The popular open-source Git service, Gogs, faces a critical security vulnerability that permits authenticated users to execute arbitrary code. This flaw, as disclosed by Rapid7, has been assigned a severity score of 9.4 on the CVSS scale, highlighting its potential impact.
Understanding the Vulnerability
This security issue allows any authenticated user to achieve remote code execution (RCE) on the server by exploiting a specific condition. The flaw is triggered when a user creates a pull request with a malicious branch name that injects the –exec flag into the git rebase process during the ‘Rebase before merging’ operation. This operation in Git is used to integrate changes, creating a linear history by replaying commits on top of another branch.
Importantly, the –exec flag in git rebase can execute shell commands after each commit is replayed. This aspect of the vulnerability enables attackers to exploit the system without needing administrative privileges or interaction from other users. A simple account creation and repository setup can suffice to launch the attack.
Exploitation Scenarios
Security researcher Jonah Burgess explains that any registered user who creates a repository becomes its owner by default. With rebase merging enabled via a simple settings toggle, the full exploit chain can be executed independently. Alternatively, users with write access to a repository with rebase enabled can directly exploit the flaw to gain code execution.
On Gogs instances where repository creation is restricted, attackers need write access to any existing repository with rebase merging enabled to proceed. Despite being reported on March 17, 2026, the vulnerability remains unpatched, posing significant risks such as server breaches, credential leaks, and unauthorized access to repositories.
Mitigation Measures and Future Outlook
The vulnerability impacts all supported platforms, including Windows, Linux, and macOS, with an estimated 1,141 internet-facing instances potentially at risk. The actual number may be higher due to many deployments being behind VPNs or internal networks. In light of the absence of a patch, several recommendations have been made to mitigate the risk:
- Disable user registration to prevent untrusted account creations.
- Restrict repository creation to limit user-initiated repositories.
- Audit rebase merge settings thoroughly.
Rapid7 has also developed a Metasploit module to automate the exploit chain for both Linux and Windows targets.

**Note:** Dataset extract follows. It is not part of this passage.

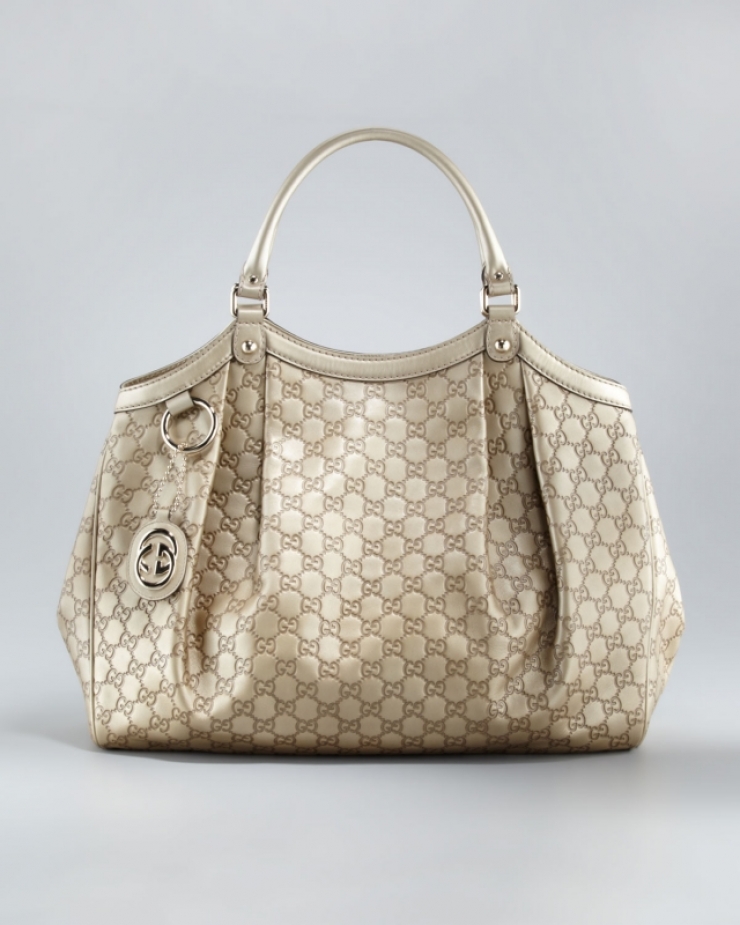 品牌:古驰 gucci 产地:意大利 款式:女式手提包 产品颜色:香槟酒色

This module operates in two modes: a default mode where a temporary repository is created and deleted, and a targeted mode for existing repositories with write access.
As awareness of this vulnerability grows, Gogs users are urged to adopt these protective measures promptly. Monitoring server logs for unusual activity and preparing for potential patches will be crucial in safeguarding against this significant security threat.